━━ RAW DATA ━━

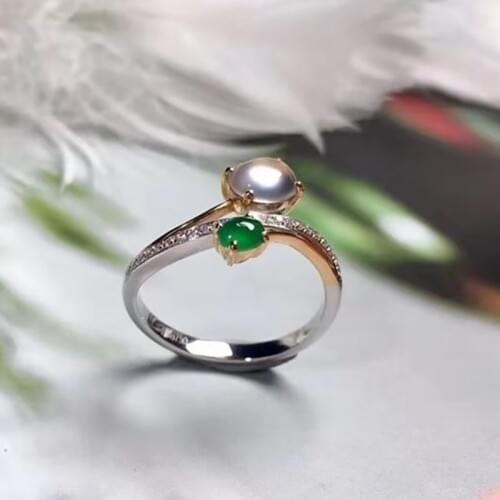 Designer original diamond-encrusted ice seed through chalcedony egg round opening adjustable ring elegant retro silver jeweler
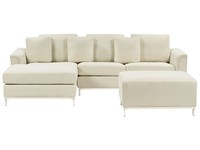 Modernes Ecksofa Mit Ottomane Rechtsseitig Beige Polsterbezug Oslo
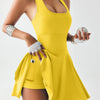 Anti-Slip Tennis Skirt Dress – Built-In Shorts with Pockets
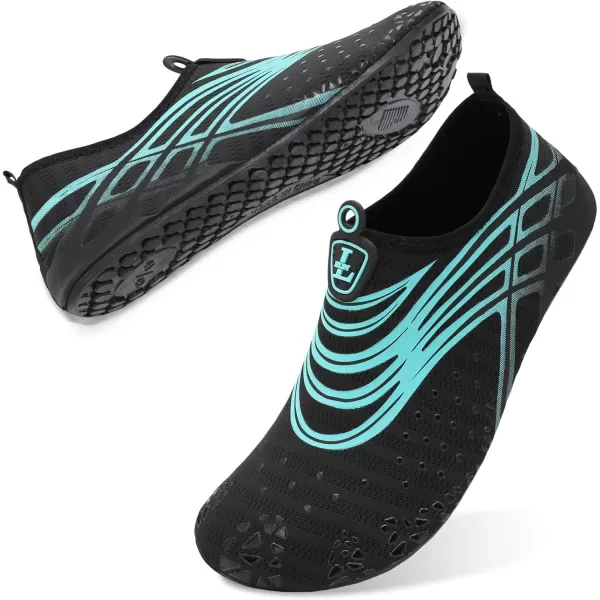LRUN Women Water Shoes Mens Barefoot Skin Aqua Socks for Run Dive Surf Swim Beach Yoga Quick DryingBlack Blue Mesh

━━━

# WHAT YOU NEED TO DO:
Only one thing is required here: an exact copy of the lines from the one bearing "Modernes Ecksofa Mit" through the final line above, both included, with pictures left out.

# RESULT:
 Modernes Ecksofa Mit Ottomane Rechtsseitig Beige Polsterbezug Oslo
 Anti-Slip Tennis Skirt Dress – Built-In Shorts with Pockets
LRUN Women Water Shoes Mens Barefoot Skin Aqua Socks for Run Dive Surf Swim Beach Yoga Quick DryingBlack Blue Mesh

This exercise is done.